## TASK
Your answer should be the complete set of entries, transcribed exactly.

>>>

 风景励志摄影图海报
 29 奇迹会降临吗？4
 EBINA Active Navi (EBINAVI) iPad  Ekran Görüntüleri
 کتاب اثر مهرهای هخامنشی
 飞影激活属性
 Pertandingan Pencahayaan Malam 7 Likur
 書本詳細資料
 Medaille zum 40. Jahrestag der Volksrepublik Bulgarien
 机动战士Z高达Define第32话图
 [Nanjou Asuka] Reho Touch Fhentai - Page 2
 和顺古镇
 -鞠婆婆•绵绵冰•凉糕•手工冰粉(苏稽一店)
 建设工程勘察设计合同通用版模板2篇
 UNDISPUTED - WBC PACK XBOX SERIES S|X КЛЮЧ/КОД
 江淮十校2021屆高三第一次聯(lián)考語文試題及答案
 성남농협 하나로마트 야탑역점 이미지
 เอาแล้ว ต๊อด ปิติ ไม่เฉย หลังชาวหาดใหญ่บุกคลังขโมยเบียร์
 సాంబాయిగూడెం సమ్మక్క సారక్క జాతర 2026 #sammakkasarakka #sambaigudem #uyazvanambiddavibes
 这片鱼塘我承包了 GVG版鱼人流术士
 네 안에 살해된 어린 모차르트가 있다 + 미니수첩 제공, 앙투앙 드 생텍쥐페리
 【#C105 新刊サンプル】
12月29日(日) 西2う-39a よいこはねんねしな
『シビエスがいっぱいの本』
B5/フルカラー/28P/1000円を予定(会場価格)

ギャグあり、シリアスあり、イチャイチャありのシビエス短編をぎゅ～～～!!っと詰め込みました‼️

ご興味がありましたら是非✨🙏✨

<<<

## ANSWER BOX
 风景励志摄影图海报
 29 奇迹会降临吗？4
 EBINA Active Navi (EBINAVI) iPad  Ekran Görüntüleri
 کتاب اثر مهرهای هخامنشی
 飞影激活属性
 Pertandingan Pencahayaan Malam 7 Likur
 書本詳細資料
 Medaille zum 40. Jahrestag der Volksrepublik Bulgarien
 机动战士Z高达Define第32话图
 [Nanjou Asuka] Reho Touch Fhentai - Page 2
 和顺古镇
 -鞠婆婆•绵绵冰•凉糕•手工冰粉(苏稽一店)
 建设工程勘察设计合同通用版模板2篇
 UNDISPUTED - WBC PACK XBOX SERIES S|X КЛЮЧ/КОД
 江淮十校2021屆高三第一次聯(lián)考語文試題及答案
 성남농협 하나로마트 야탑역점 이미지
 เอาแล้ว ต๊อด ปิติ ไม่เฉย หลังชาวหาดใหญ่บุกคลังขโมยเบียร์
 సాంబాయిగూడెం సమ్మక్క సారక్క జాతర 2026 #sammakkasarakka #sambaigudem #uyazvanambiddavibes
 这片鱼塘我承包了 GVG版鱼人流术士
 네 안에 살해된 어린 모차르트가 있다 + 미니수첩 제공, 앙투앙 드 생텍쥐페리
 【#C105 新刊サンプル】
12月29日(日) 西2う-39a よいこはねんねしな
『シビエスがいっぱいの本』
B5/フルカラー/28P/1000円を予定(会場価格)

ギャグあり、シリアスあり、イチャイチャありのシビエス短編をぎゅ～～～!!っと詰め込みました‼️

ご興味がありましたら是非✨🙏✨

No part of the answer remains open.